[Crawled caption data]
• • • • •

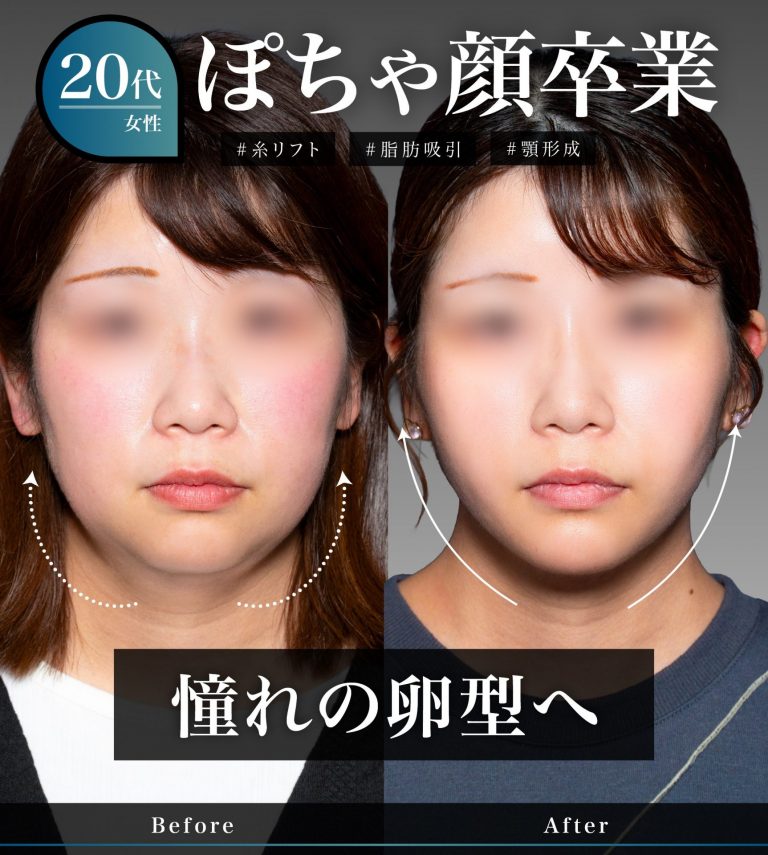顔の脂肪吸引(担当医:岡本 卓也 医師)の症例写真2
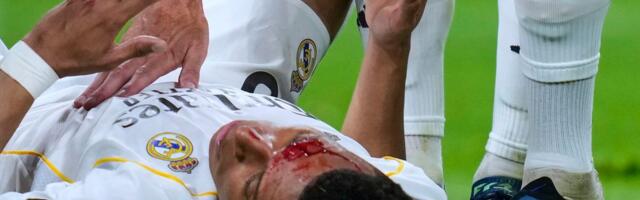 Jeziva povreda, kao da ga je pogodila raketa: Mbape objavio fotografiju posekotine na glavi! /FOTO/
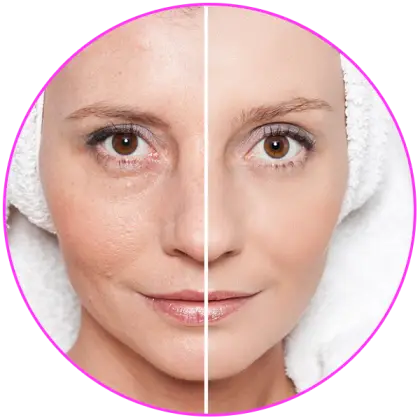 Before and After Skincare Comparison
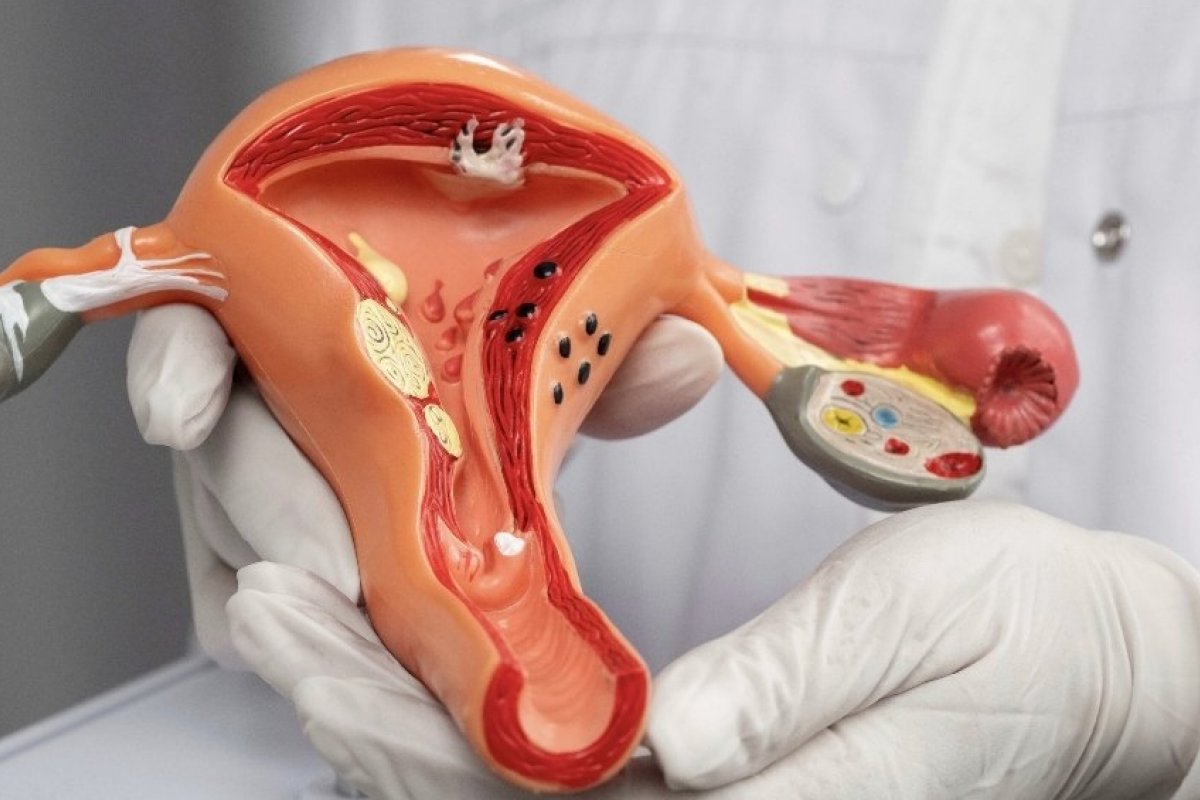 No mês da visibilidade para a endometriose especialista fala sobre avanços médicos no tratamento da doença!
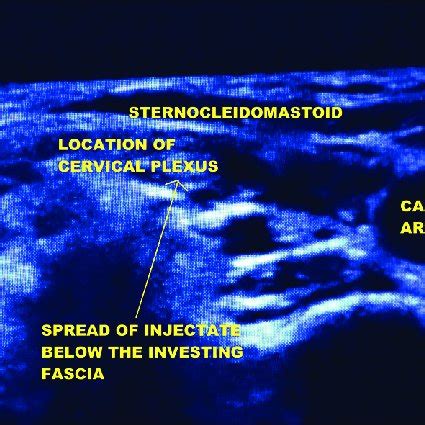 Ultrasound guided intermediate cervical plexus block showing spread of ...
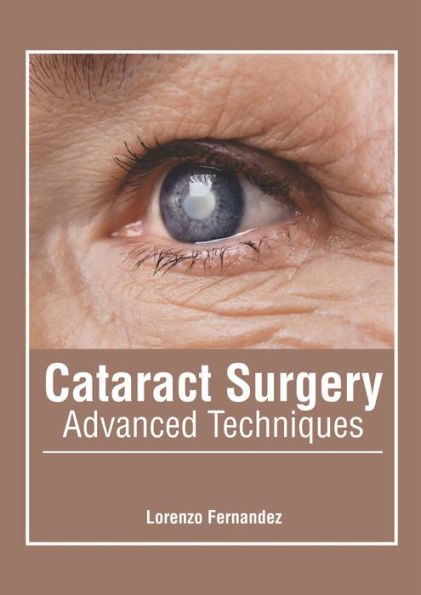 Cataract Surgery: Advanced Techniques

• • • • •

*THE PROBLEM:* Begin at the line containing "Ultrasound guided intermediate" and extract every line through the end of the records, inclusive, exactly and only; omit pictures.

*TASK RESPONSE:*
 Ultrasound guided intermediate cervical plexus block showing spread of ...
 Cataract Surgery: Advanced Techniques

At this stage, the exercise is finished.